Data records =

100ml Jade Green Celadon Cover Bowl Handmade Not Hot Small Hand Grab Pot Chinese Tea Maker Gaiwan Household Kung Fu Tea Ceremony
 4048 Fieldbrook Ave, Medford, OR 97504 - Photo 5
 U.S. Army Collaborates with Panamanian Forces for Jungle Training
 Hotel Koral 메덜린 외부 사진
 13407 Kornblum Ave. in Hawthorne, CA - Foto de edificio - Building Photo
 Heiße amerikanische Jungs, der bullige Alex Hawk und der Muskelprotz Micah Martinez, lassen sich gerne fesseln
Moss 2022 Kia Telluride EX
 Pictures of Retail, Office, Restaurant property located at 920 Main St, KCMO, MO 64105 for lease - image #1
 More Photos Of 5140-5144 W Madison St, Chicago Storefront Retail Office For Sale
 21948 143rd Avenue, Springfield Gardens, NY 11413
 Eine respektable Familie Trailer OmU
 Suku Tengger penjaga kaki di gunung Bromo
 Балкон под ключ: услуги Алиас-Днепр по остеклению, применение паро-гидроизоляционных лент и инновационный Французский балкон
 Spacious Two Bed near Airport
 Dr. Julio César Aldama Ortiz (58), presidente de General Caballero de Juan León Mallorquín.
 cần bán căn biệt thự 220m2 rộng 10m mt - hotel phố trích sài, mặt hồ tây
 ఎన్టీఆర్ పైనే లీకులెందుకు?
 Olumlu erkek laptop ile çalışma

About this task = Using the entries above, state how many lines contain the string "Retail"; the number is all that is needed.

Solution = 2